この話の大切な点は、ただ不思議な体験をしたということではありません。
彼は、**いちばん強い王を探していたが、その王は力で支配する王ではなく、人の救いのために来られたキリストだった** と知ったのです。
なぜこの伝承が大切なのか
この伝承は、史実として細かく確かめるというより、信仰の意味を読むことが大切です。
クリストフォロは、キリストを肩に乗せたことで有名になりました。
けれども本当に大切なのは、彼がその前から、人を助ける働きの中で、神に出会う備えをしていたことです。
つまりこの聖人は、人に仕えることの中で、キリストに出会うという福音の真理を表しているのです。
殉教者として記念される理由
聖クリストフォロは、ローマ皇帝デキウスの迫害のときに殉教したと伝えられています。
細かな歴史ははっきりしない部分もありますが、教会が彼を記念するのは、単に面白い伝説の人だからではありません。
キリストに出会い、その方に従い通した証しの人として受け止めているからです。
つまり、7月2日にこの聖人を記念するのは、真の王であるキリストに人生をささげた人として教会が覚えているからです。
聖クリストフォロの名言・エピソードから学ぶ
聖クリストフォロ本人の確実な名言は、ほとんど伝わっていません。
そのため、出典があいまいな言葉を無理に紹介することは避けたいと思います。
この聖人から学ぶ中心的なエピソードは、やはり子どもの姿のキリストを肩に乗せて川を渡ったという伝承です。

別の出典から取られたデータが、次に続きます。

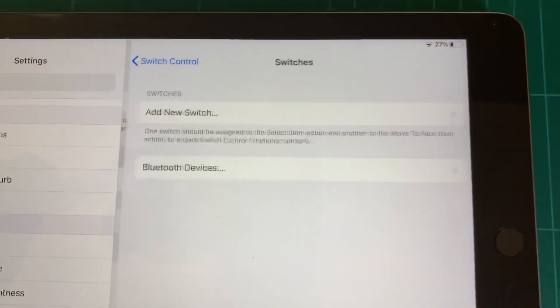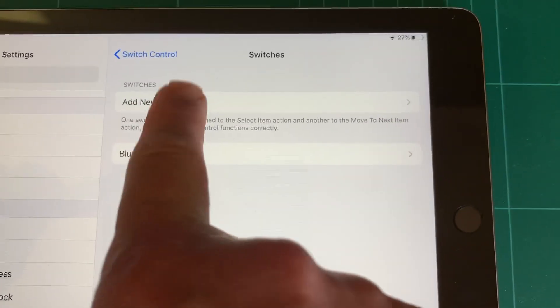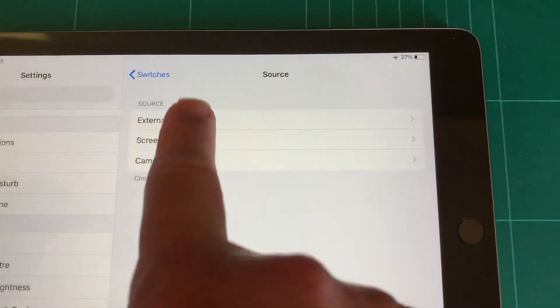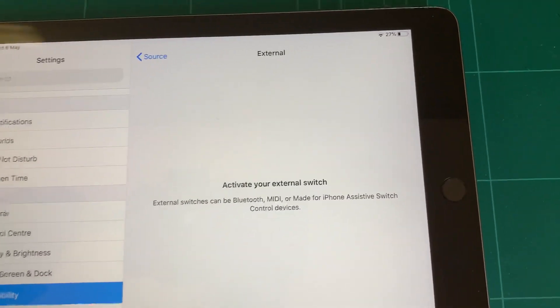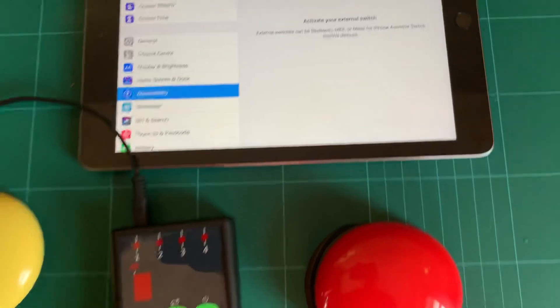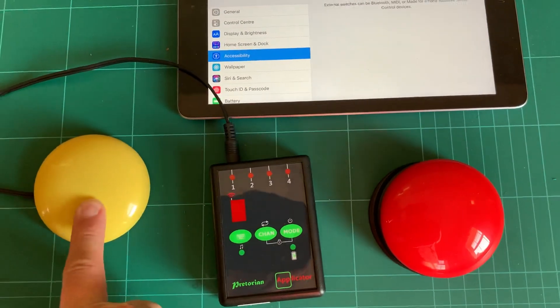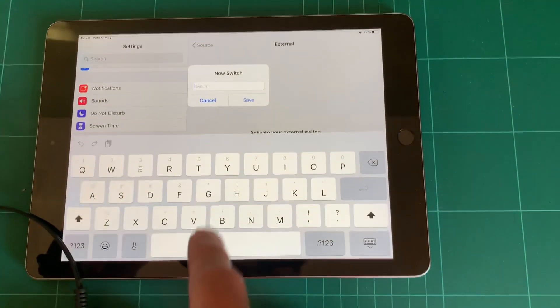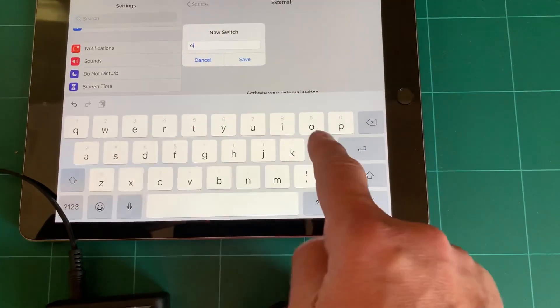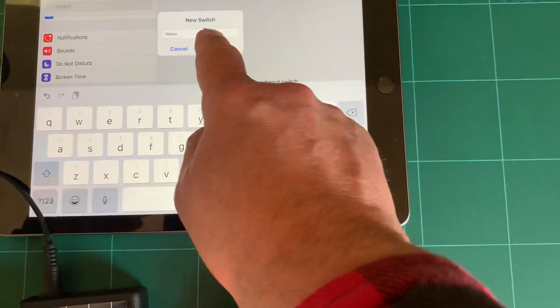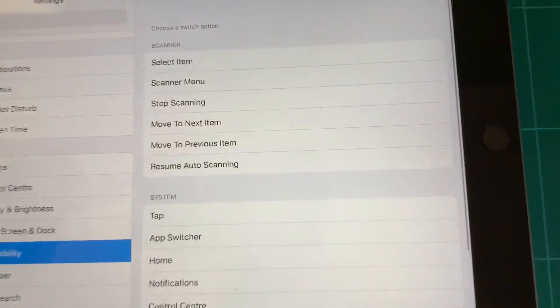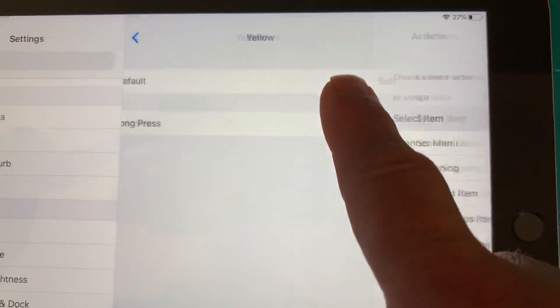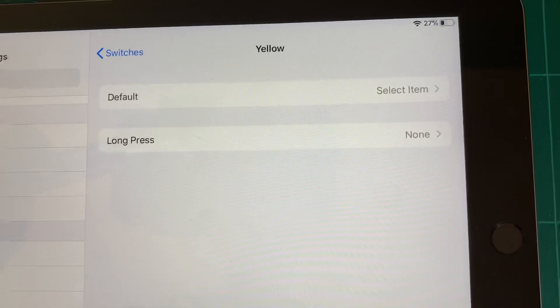So I'm going to tap on that and then add a new switch. It's an external switch, and it then asks me to activate the switch. I'm just going to press the yellow switch there, and it asks me to give it a name. I could call it anything I like, but I'm just going to call it Yellow and save that. Here's the important bit: you need to make it set to Select Item.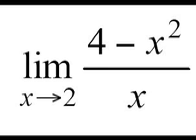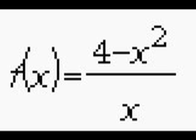So let's say we want to find a limit of 4 minus x squared over x. So f of x is 4 minus x squared over x. That's the function we're interested in, and we're interested in finding the limit of this function as x approaches the value 2.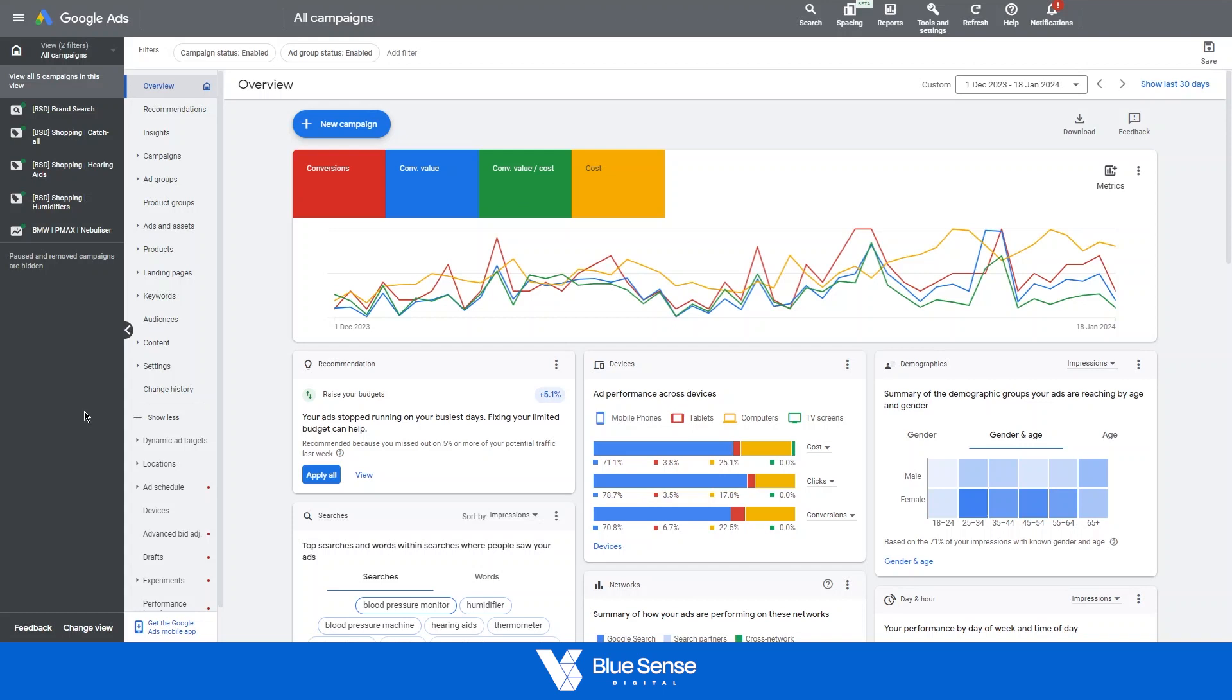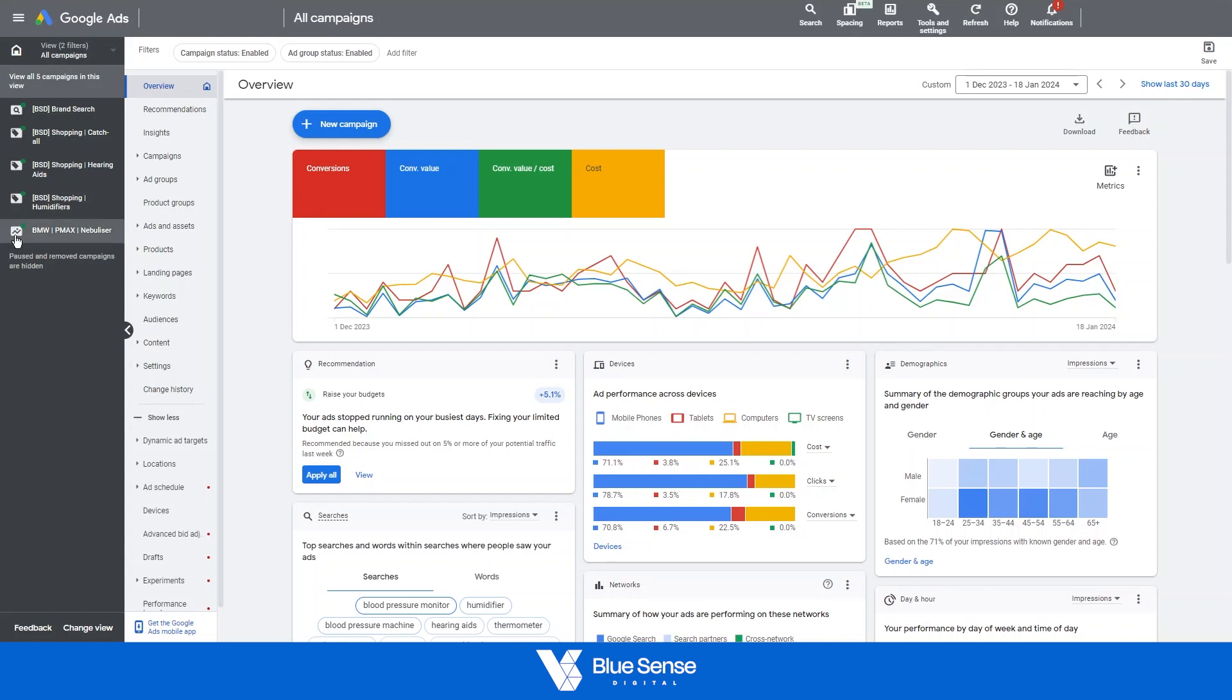Diving straight into this, the first thing to mention is that the search terms report is only available for certain campaign types. One of the most popular campaigns that is currently run on Google Ads at the moment is called a Performance Max campaign and unfortunately these search terms reports don't exist for Performance Max.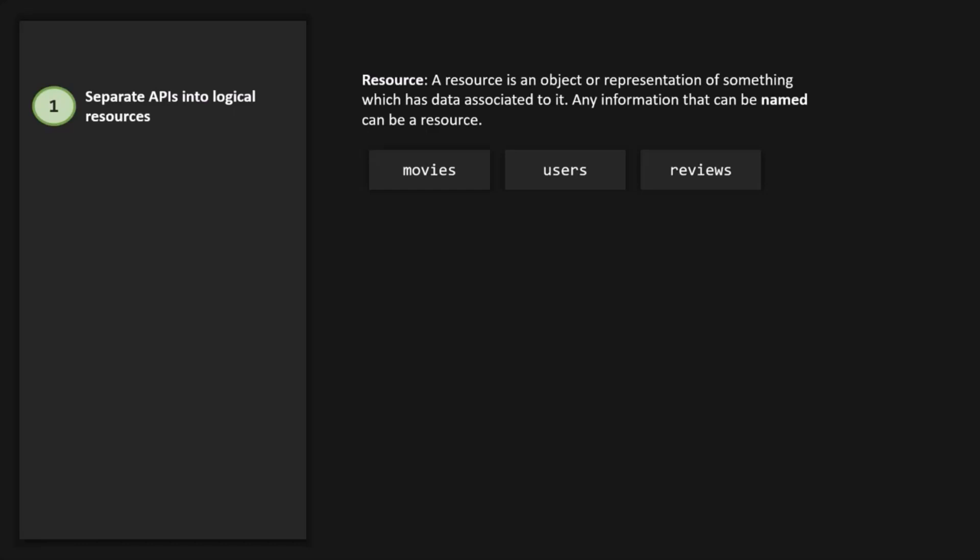Keep in mind, it has to be a name — it has to be a noun and not a verb, like 'get user,' 'get movies,' 'delete user,' etc.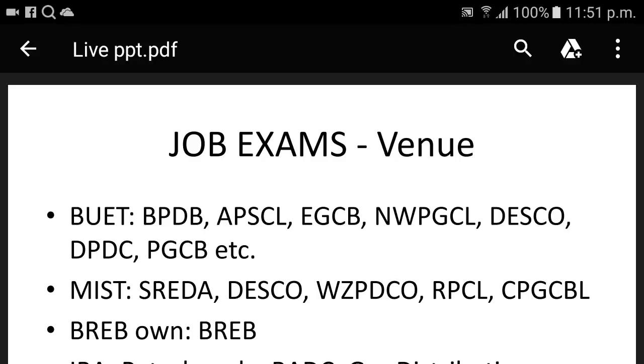Hello, welcome to our live video. Today we are not going to talk about EEE job preparation — I am going to talk about the power sector.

この話は、キリストに仕えることが、ただ大きなことをするのではなく、目の前の人を助けることの中にあると教えてくれます。
カトリック的ポイント解説
聖クリストフォロの生涯で大切なのは、奉仕 と キリストとの出会い です。
彼は最初から神学者でも説教者でもありませんでした。
むしろ、力を持った一人の人として、だれに仕えるべきかを探していました。
その彼がたどり着いた答えは、本当に強い王とはキリストであるということでした。
また、キリストを背負うというイメージは、現代の信仰生活にも通じます。
わたしたちも、毎日の働きや人への助けの中で、キリストを運ぶ者、キリストを示す者になれるからです。
聖クリストフォロ|ゆかりの地・書籍・芸術
聖クリストフォロは、12世紀ごろから特にドイツを中心に伝説が広まりました。
そのため西洋美術では、大きな体の男性が、肩に幼子イエスを乗せて川を渡る姿で描かれることがとても多くあります。
この図像は、聖クリストフォロを見分ける最もわかりやすい特徴です。
また、彼が描かれた画を見た者は安全に暮らせる、とまで言われたこともありました。
こうした伝承から、彼は旅行者、航海者、そして現代では自動車の運転者の守護聖人として親しまれています。
まとめ|今日の聖人から学べること
聖クリストフォロは、もとはレプローブスという名の力持ちで、世界でいちばん強い王に仕えたいと願っていた人です。
旅人を背負って川を渡す中で、暴風雨の夜に子どもの姿のキリストを肩に乗せ、真の王がキリストであることを悟ったと伝えられています。
そのため彼は、「キリストを背負う者」という意味の名で呼ばれるようになりました。
聖クリストフォロは、人に仕えることの中でキリストに出会えること、そして本当に従うべき方を見つけることの大切さを教えてくれます。